Damon Hewitt, a long-time civil rights lawyer, social justice strategist, philanthropist, manager and coalition-builder, currently serves as the President and Executive Director of the Lawyers’ Committee for Civil Rights Under Law. 

Prior to joining the Lawyers’ Committee, Hewitt served as inaugural executive director of the Executives’ Alliance for Boys and Men of Color. He previously served as Senior Advisor at the Open Society Foundations where he coordinated funding efforts responding to the uprising in Ferguson, Missouri. Before entering philanthropy, Hewitt worked for over a decade as an attorney at the NAACP Legal Defense and Educational Fund where he was lead counsel on litigation and policy matters and supervised teams of lawyers and non-lawyers. He led pioneering efforts addressing the School to Prison Pipeline and coordinated litigation and advocacy efforts following Hurricane Katrina. Hewitt also served as Executive Director of the New York State Task Force on Police-on-Police Shootings, an entity analyzing police practices following the deaths of off-duty African American and Latino police officers who were shot by fellow officers after being mistaken for “criminal” suspects.

Hewitt is co‐author of a book, The School‐to‐Prison Pipeline: Structuring Legal Reform, and has published numerous articles on racial justice, school discipline policy and progressive education reform. He holds a B.A. in Political Science from Louisiana State University and a J.D. from the University of Pennsylvania Law School.

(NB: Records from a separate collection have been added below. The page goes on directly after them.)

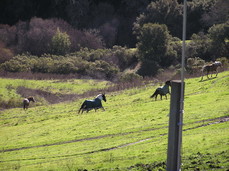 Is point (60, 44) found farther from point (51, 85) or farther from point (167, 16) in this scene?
point (51, 85)

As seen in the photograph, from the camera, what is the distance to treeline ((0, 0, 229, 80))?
8494 cm

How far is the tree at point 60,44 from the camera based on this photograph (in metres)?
99.2

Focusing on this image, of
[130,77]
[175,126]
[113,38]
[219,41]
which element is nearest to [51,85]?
[130,77]

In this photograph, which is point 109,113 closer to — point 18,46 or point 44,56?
point 44,56

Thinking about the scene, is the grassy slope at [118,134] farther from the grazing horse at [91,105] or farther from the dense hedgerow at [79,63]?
the dense hedgerow at [79,63]

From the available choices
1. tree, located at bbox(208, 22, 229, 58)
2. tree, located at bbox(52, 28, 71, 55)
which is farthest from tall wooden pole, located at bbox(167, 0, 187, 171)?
tree, located at bbox(52, 28, 71, 55)

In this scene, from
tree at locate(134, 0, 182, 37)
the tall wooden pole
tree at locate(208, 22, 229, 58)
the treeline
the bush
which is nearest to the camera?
the tall wooden pole

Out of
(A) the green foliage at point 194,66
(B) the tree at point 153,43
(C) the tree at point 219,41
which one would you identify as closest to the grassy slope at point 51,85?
(B) the tree at point 153,43

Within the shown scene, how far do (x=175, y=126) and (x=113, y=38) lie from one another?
3647 inches

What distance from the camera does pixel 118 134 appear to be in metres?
32.9

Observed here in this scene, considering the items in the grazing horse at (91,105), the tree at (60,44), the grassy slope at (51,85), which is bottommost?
the grassy slope at (51,85)

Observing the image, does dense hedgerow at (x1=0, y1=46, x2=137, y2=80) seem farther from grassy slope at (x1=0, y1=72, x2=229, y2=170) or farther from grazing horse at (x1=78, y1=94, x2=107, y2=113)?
grazing horse at (x1=78, y1=94, x2=107, y2=113)

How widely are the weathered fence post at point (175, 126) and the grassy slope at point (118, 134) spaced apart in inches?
67.2

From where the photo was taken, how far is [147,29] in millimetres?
86812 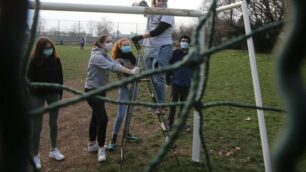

John B. King, Jr. is the fifteenth chancellor of the State University of New York (SUNY), the largest comprehensive system of public higher education in the United States.  

Prior to his appointment as chancellor, King served as president of The Education Trust, a national civil rights nonprofit which seeks to identify and close opportunity and achievement gaps for students from preschool through college.  

Chancellor King served in President Barack Obama’s cabinet as the tenth U.S. secretary of education. Upon tapping him to lead the U.S. Department of Education, President Obama called King “an exceptionally talented educator,” citing his commitment to “preparing every child for success,” and his lifelong dedication to public education as a teacher, principal, and leader of schools and school systems.

Before his appointment as secretary of education, Chancellor King fulfilled the duties of deputy secretary of education, overseeing all policies and programs related to P–12 education, English learners, special education, and innovation.

His service in Washington, D.C. followed King’s tenure as New York State’s first African-American and first Puerto-Rican education commissioner, a role in which he oversaw all elementary and secondary schools, as well as public, independent, and proprietary colleges and universities, professional licensure, libraries, museums, and numerous other educational institutions. 

Chancellor King holds a bachelor of arts in government from Harvard University and a JD from Yale Law School, as well as both a master of arts in the teaching of social studies and a doctorate in education from Teachers College at Columbia University.